Embora o ritmo de crescimento seja inferior ao de outras regiões, o cenário segue pressionado pelo custo de vida elevado e pela renda comprometida das famílias. No país, são 75,06 milhões de pessoas inadimplentes, o equivalente a 44,80% da população adulta.
Na região Nordeste, o aumento das dívidas ocorre em um contexto de maior vulnerabilidade econômica, com impacto direto no consumo e no comércio local. O período de junho, tradicionalmente aquecido por eventos como festas juninas e o Dia dos Namorados, acende um alerta para o risco de endividamento ainda maior.
De acordo com as entidades, o crescimento da inadimplência está ligado à dificuldade de reorganização financeira, mesmo após programas de renegociação de dívidas. Muitos consumidores conseguiram quitar parte dos débitos, mas seguem com pendências ou voltaram a atrasar novos compromissos.

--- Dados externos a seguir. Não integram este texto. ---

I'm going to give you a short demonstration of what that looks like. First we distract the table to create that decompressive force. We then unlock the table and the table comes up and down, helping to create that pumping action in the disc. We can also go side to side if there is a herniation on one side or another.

O perfil dos devedores acompanha a tendência nacional, com maior concentração na faixa entre 30 e 39 anos. Em média, cada consumidor negativado deve cerca de R$ 5,1 mil e mantém débitos com mais de duas empresas.
Outro dado que chama atenção é o valor das dívidas. Quase 30% dos consumidores possuem pendências de até R$ 500, percentual que ultrapassa 40% quando consideradas dívidas de até R$ 1 mil, o que indica um alto volume de pequenos débitos acumulados.
Entre os tipos de credores, bancos concentram a maior parte das dívidas, seguidos por contas básicas, como água e energia, que tiveram um dos maiores crescimentos no período. Esse dado reforça o impacto direto do custo de serviços essenciais no orçamento das famílias nordestinas.
Apesar do aumento mais moderado no número de inadimplentes, o volume de dívidas na região também avançou, refletindo um cenário de crédito mais pressionado e menor capacidade de pagamento.
Para o setor lojista, a combinação entre estímulo ao consumo e fragilidade financeira exige cautela. A expectativa é de que o comportamento de compra siga impactado nas próximas semanas, especialmente em regiões onde a renda já enfrenta maiores limitações, como no Nordeste.